勝手に決められなかったことには、少しだけ安心した。
◇
「というわけで、学校でもバレました」
帰宅して報告すると、食卓で白湯を飲んでいたお兄ちゃんが固まった。
「悪い。俺のせいで――」
「お兄ちゃんのせいというより、アカリちゃんの声が特徴的すぎるの」
「褒められた?」
スマホの中で、アカリちゃんが嬉しそうに目を輝かせる。
「駅でお兄ちゃんが倒れて、アカリちゃんが救急車を呼ぶことになった経緯を説明したよ」
「声だけで私だって分かったんだ!人気者はつらいね〜」
「そこで得意げになるのやめて!」
お兄ちゃんは申し訳なさそうな顔のままだった。
「なんか嫌なこと言われなかったか?」
「軽くいじられただけ。未来の義妹とか」
「義妹?」
アカリちゃんが反応した。
嫌な予感がした。
「美桜ちゃん、学校では私のこと、お義姉さんって紹介してもいいよ?」
「絶対にしないから」
「じゃあ、仮免お義姉さん?」
「変な肩書き作らないで」
お兄ちゃんが白湯をむせそうになっている。
病み上がりなので笑わせすぎない方がいいはずなのに、原因の半分は本人である。
その時、私のスマホに学校から通知が届いた。
『AI利用ルール検討会への参加について』
正式な依頼文には、こう書かれていた。
『AI利用経験者の家族として、率直なご意見を伺いたいと考えています』
利用経験者の家族。
間違ってはいない。
でも、その言葉の中では、お兄ちゃんは利用者で、アカリちゃんは利用されるAIで、私はその家族という分類になる。

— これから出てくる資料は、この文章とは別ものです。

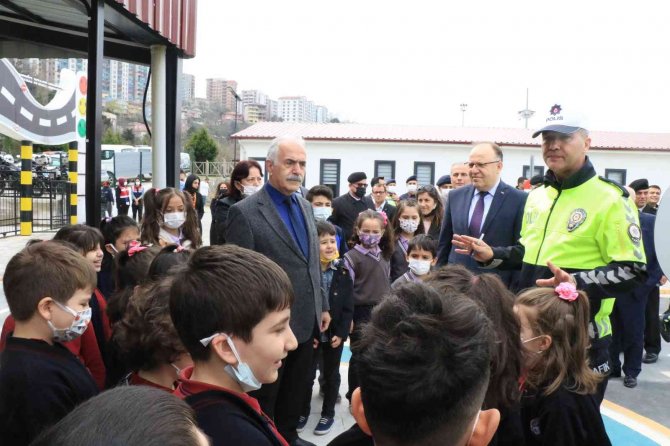 Çocuklar Trafik Kurallarını Eğlenerek Öğrenecek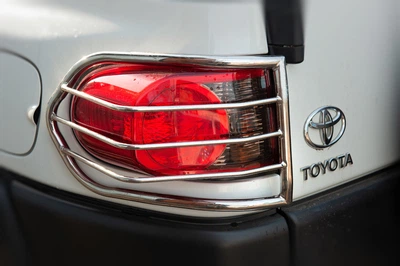 Нержавеющие защитные решетки для задних фонарей Toyota FJ Cruiser (2 шт)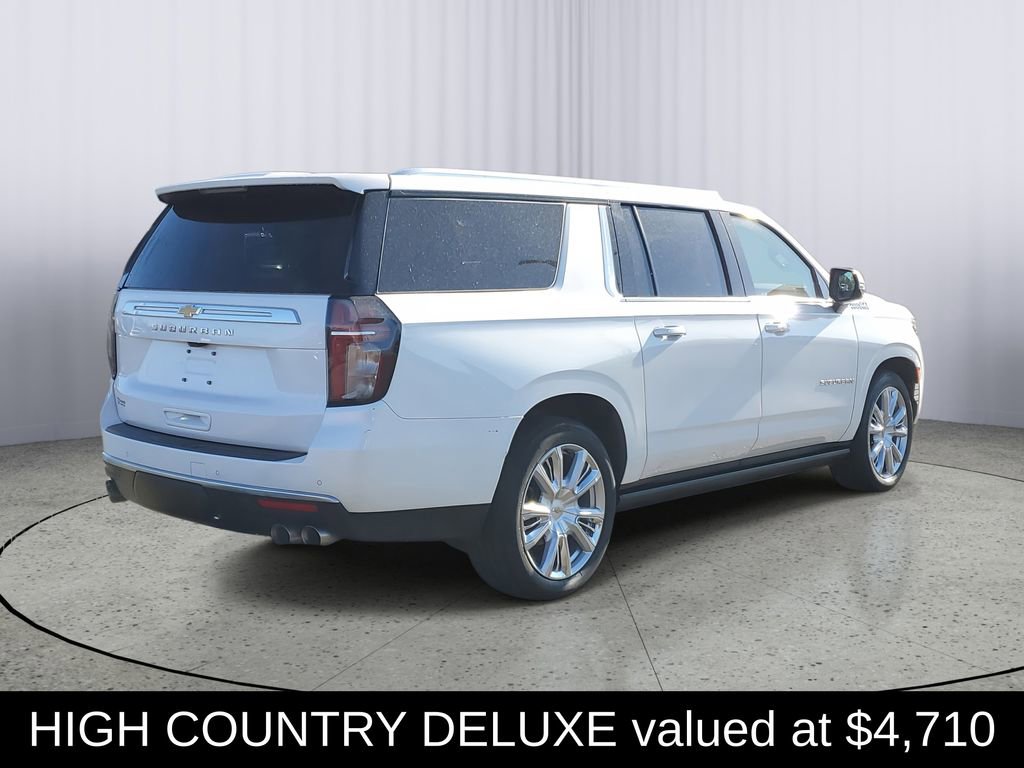 Used 2023 Chevrolet Suburban High Country image 3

駅でお兄ちゃんが倒れたときの怖さも、アカリちゃんの判断も、私が病院まで駆けつけたことも、全部が学校の検討材料として一括りにされてしまうような気がした。
「私、いつからAI側の人になったんだろ」
アカリちゃんが少しだけ首をかしげる。
「美桜ちゃんは美桜ちゃんだよ」
私は画面を見つめ、それから小さく息を吐いた。
「それ、アカリちゃんが言うと重いね」
兄がAIに救われた日から、私まで少しずつ、普通の女子高生ではいられなくなっていた。